TEMPO.CO, Jakarta - Satuan Tugas Penanganan Hak Tagih Negara Dana Bantuan Likuiditas Bank Indonesia alias Satgas BLBI telah meminta salah satu obligor BLBI, Kaharudin Ongko, untuk mendatangi Kantor Kementerian Keuangan pada Selasa, 7 September 2021. Namun demikian, hingga Selasa malam, tak tampak kehadiran Kaharudin di Kantor Kemenkeu.
Ketua Satgas BLBI Rionald Silaban mengatakan Kaharudin Ongko sudah dua kali tidak memenuhi panggilan. Kaharudin tak lain adalah taipan dan mantan Wakil Komisaris PT Bank Umum Nasional (BUN). Pemanggilan Kaharudin diumumkan melalui surat kabar beberapa waktu lalu.
"Kalau sudah dipanggil lewat koran, artinya sudah dua kali tidak datang," kata Ketua Satgas BLBI Rionald Silaban saat ditemui di kantornya, Selasa, 7 September 2021.
Berdasarkan pengumuman Satgas BLBI, Kaharudin dipanggil untuk menyelesaikan hak tagih negara senilai Rp7,83 triliun dalam rangka PKPS (penyelesaian kewajiban pemegang saham) Bank Umum Nasional dan Rp 359,44 miliar dalam rangka PKPS Bank Arya Panduarta. Sehingga, total utang Kaharudin ke negara sebesar sekitar Rp 8,2 triliun.
Berdasarkan dokumen Penanganan Hak Tagih Negara Dana BLBI tanggal 15 April 2021yang beredar, utang Kaharudin dalam perkara PKPS Bank Umum Nasional per 31 Desember 2021 adalah sebesar Rp 7,83 triliun (recovery Rp 477,88 miliar).
Sebelumnya, penyelesaian kewajiban pemegang saham atau PKPS Bang Umum nasional atas nama Kaharudin Ongko dilakukan melalui master refinancing notes and issuance agreement atau MRNIA.

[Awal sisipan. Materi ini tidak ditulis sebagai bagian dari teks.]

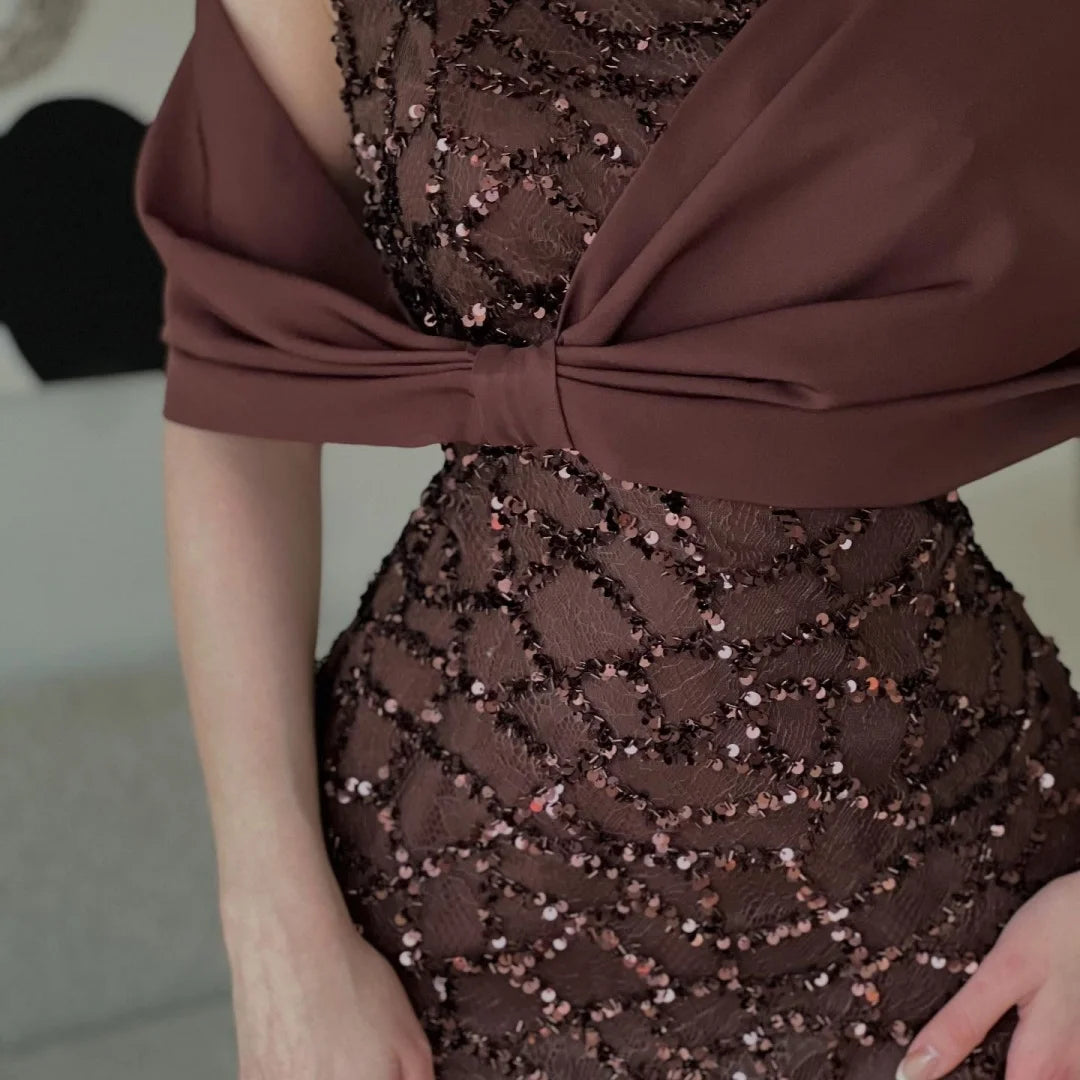 Bella Customized Dark Brown Square Neck Prom Dress Sequin Embellished Bow Shoulder Cape robes de soirée Slim-Fit Mermaid 2025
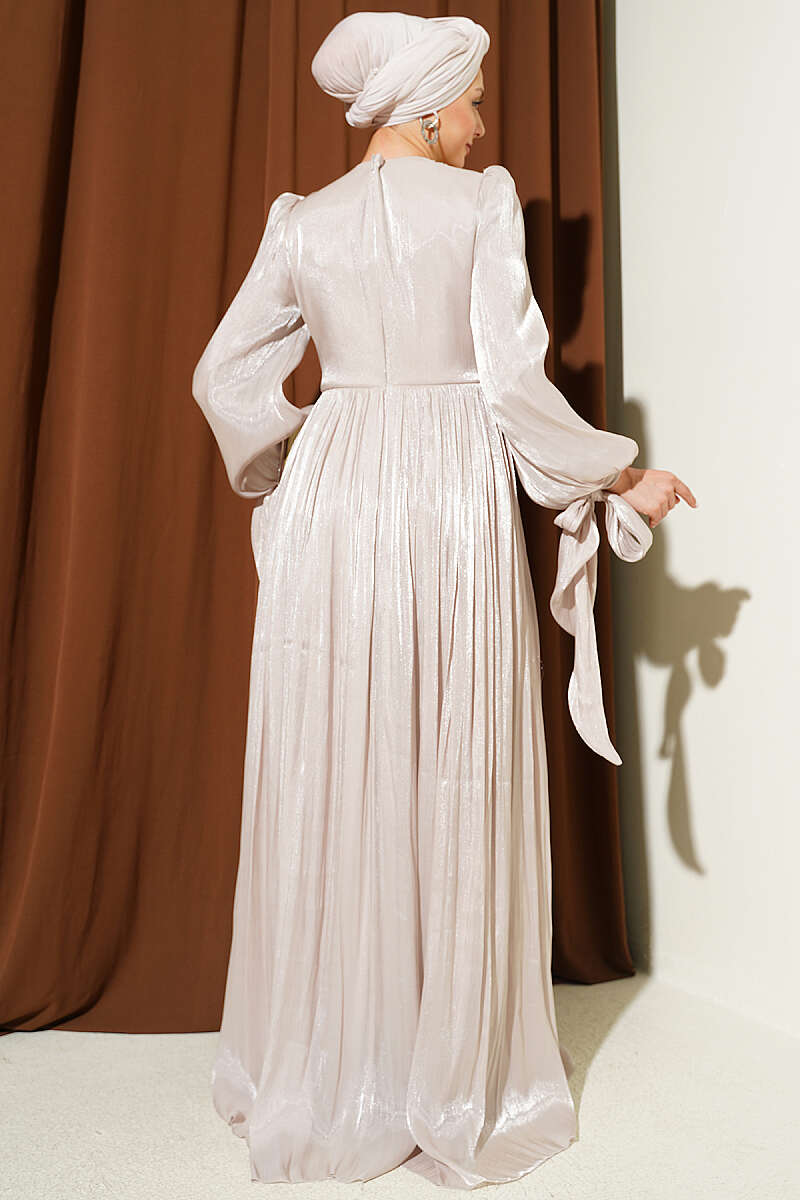 Draped Evening Dress with Stone Detail - Stone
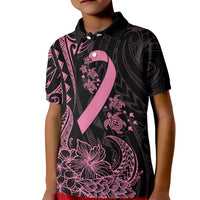 Polynesian Pink Power Kid Polo Shirt Breast Cancer Ribbon Turtle and Flowers LT7 Kid Pink - Polynesian Pride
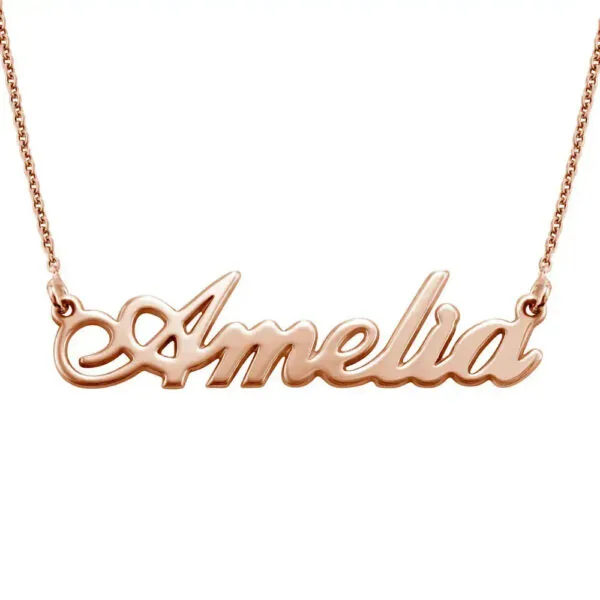 Custom Sophisticated Name Pendant Necklace in 14K Gold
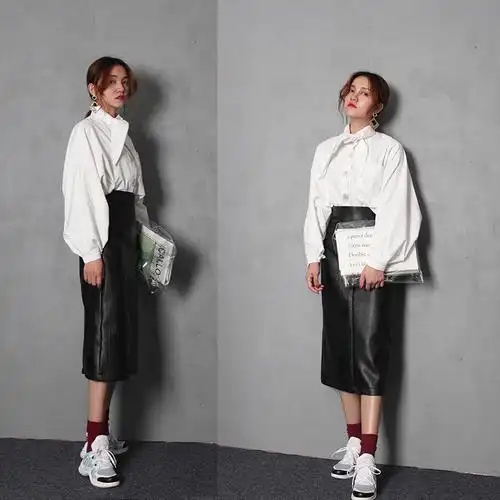 衬衫2020春灯笼袖 宽松设计感女社会心机上衣潮兔耳朵领蝴蝶结新款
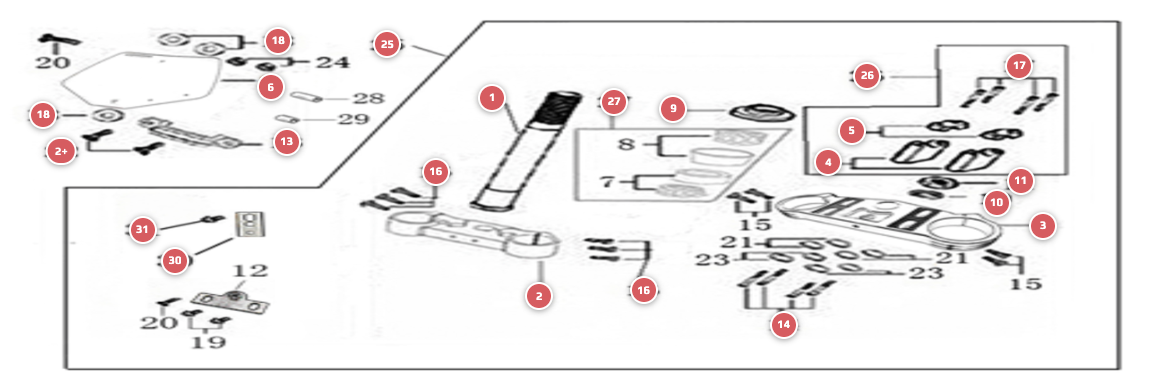 2023 YCF 50E Steering Plates Parts Diagram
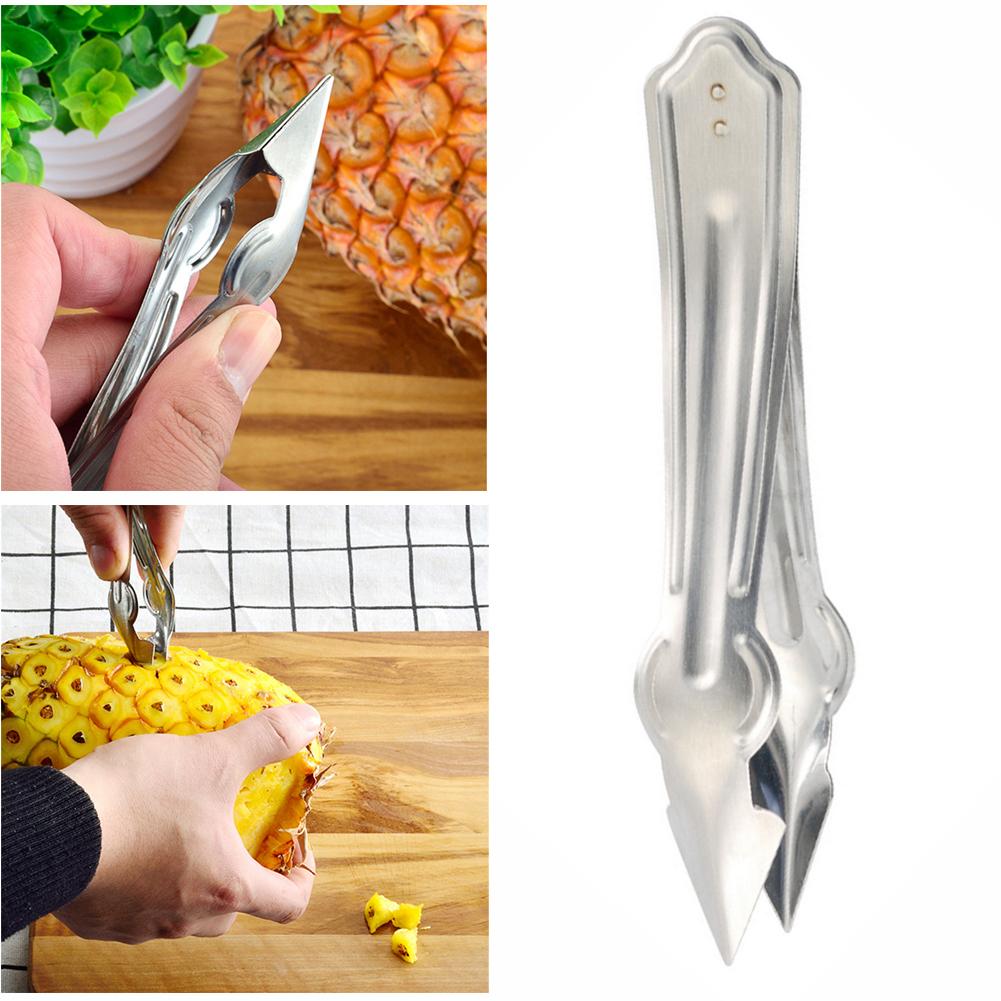1 st rostfritt stål ananas tomat stjälk frukt blad remover pryl köksredskap jordgubbsskalmaskin skivare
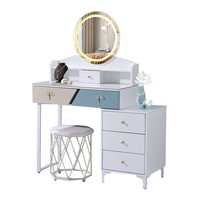 Nouvelle conception de table de maquillage personnalisée, petite table de toilette avec chaise et miroir à vendre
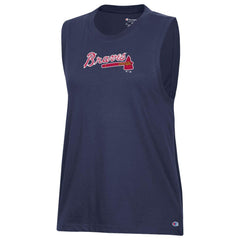 Atlanta Braves Champion Women's Muscle Tank Top - Navy Tanks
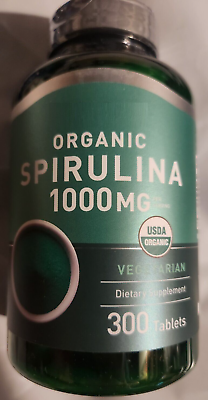#ad Organic Spirulina 1000mg 300Tabs Vegeterian Non GMO Blue Algae Superfood Amino $17.95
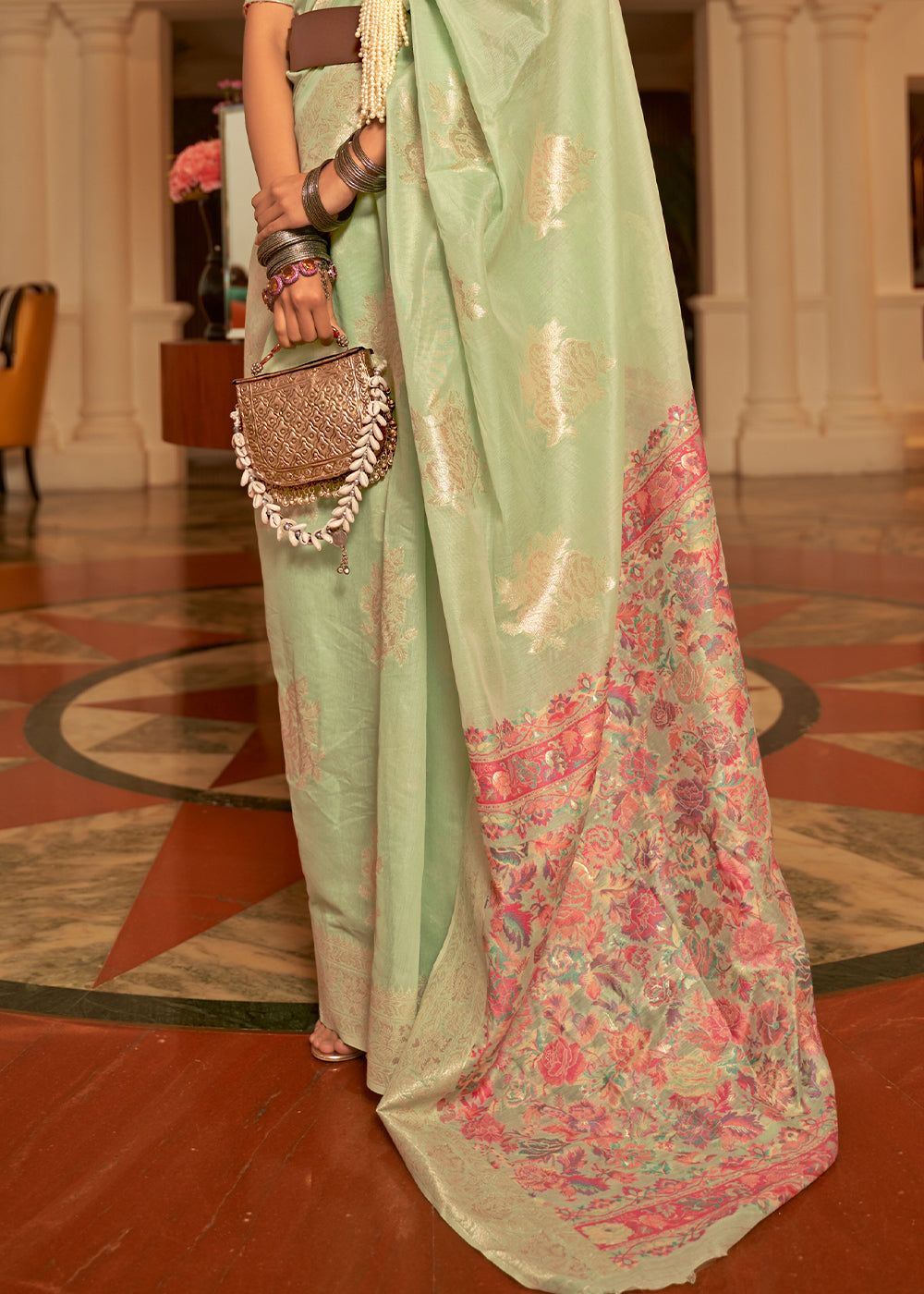 Buy MySilkLove Olive Green Handloom Silk Saree with Kashmiri Pallu Online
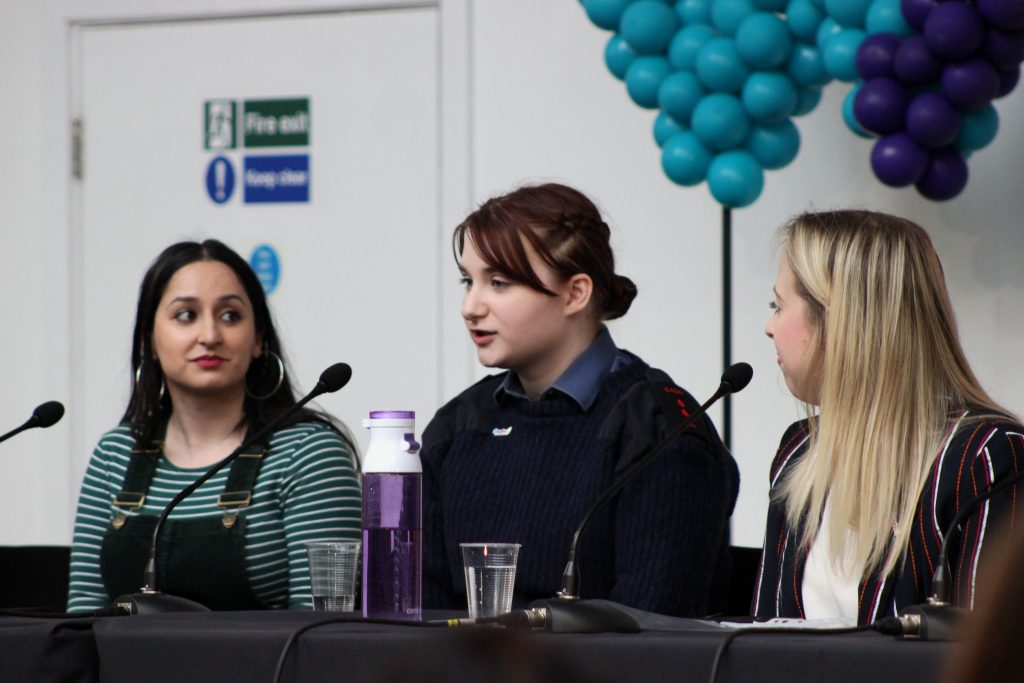 Rebecca talking on the youth panel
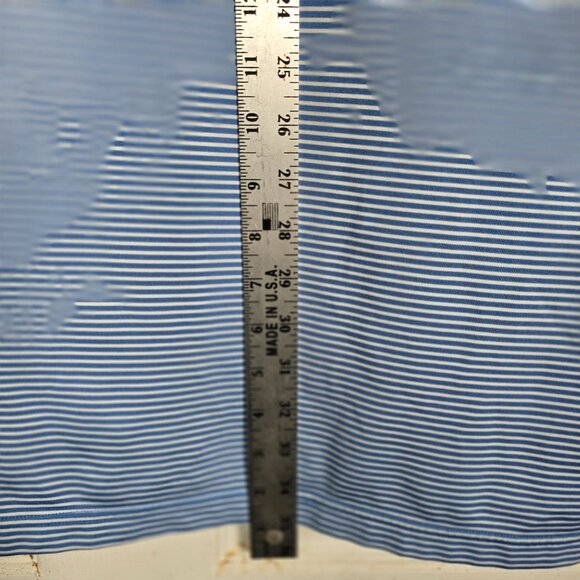 Straight Down Golf Polo Shirt Medium Men's Blue White Striped Short Sleeve - Picture 8 of 8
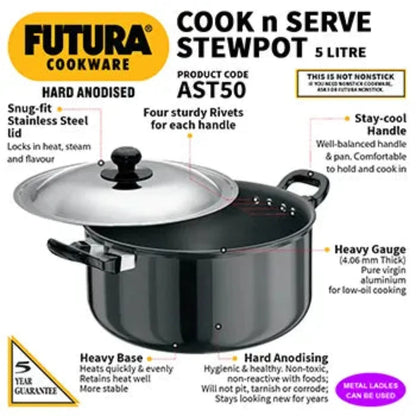 Futura Hard Anodised Cook-n-Serve Stewpot With Stainless Steel Lid(AST50)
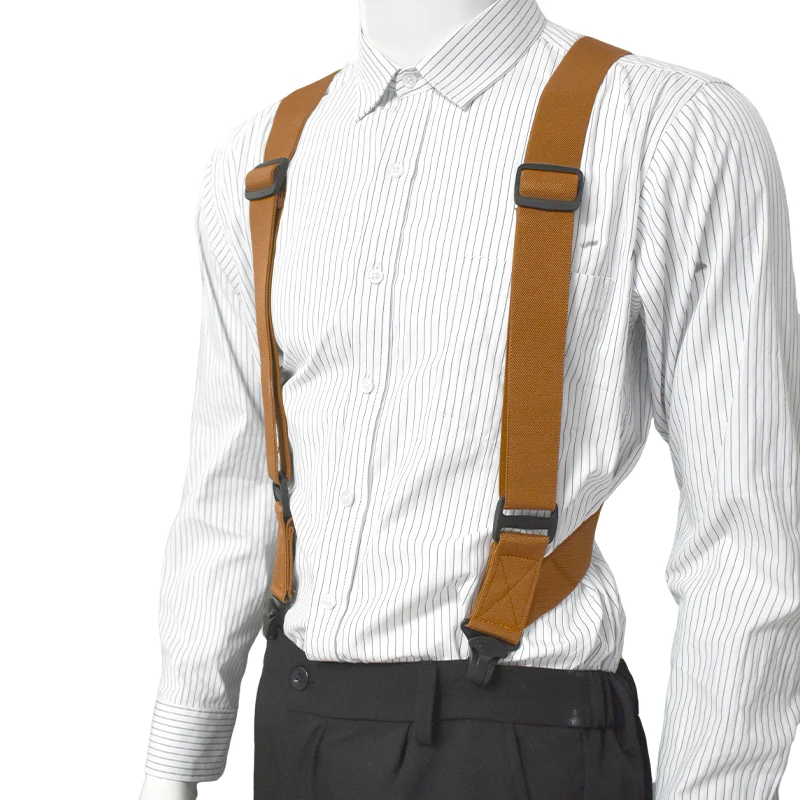 1Pc 38mm Adult Men's Suspenders Plastic Non-slip 2 Clips Elastic Strap Man Braces Suspender for Pants Shirt Male Jockstrap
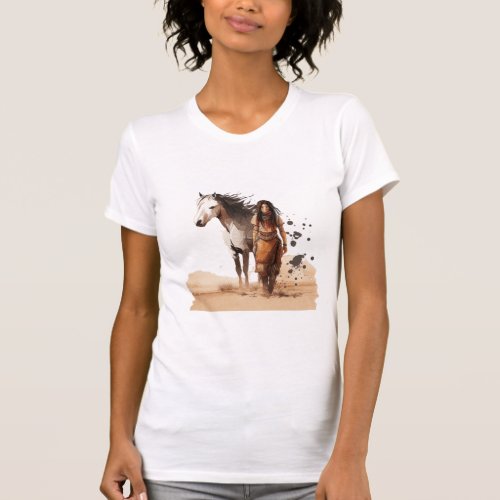Girl With Horse Walking On The Desert T_Shirt
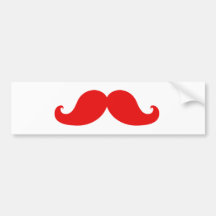 FUNNY RED MUSTACHE BUMPER STICKERS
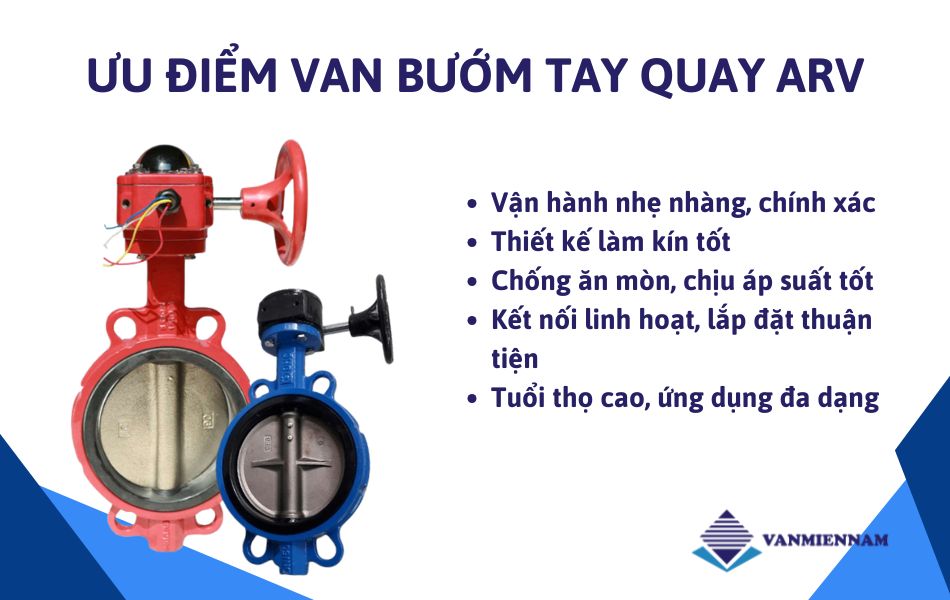 ưu điểm của van bướm tay quay arv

MRNIA adalah perjanjian antara pemerintah melalui Badan Penyehatan Perbankan Nasional atau BPPN dengan pemegang saham dengan cara penyerahan aset. Aset diserahkan dari pemegang saham pengendali kepada BPPN yang nilainya lebih kecil dari jumlah kewajiban, disertai dengan jaminan pribadi sebesar nilai kewajiban yang harus diselesaikan pemegang saham.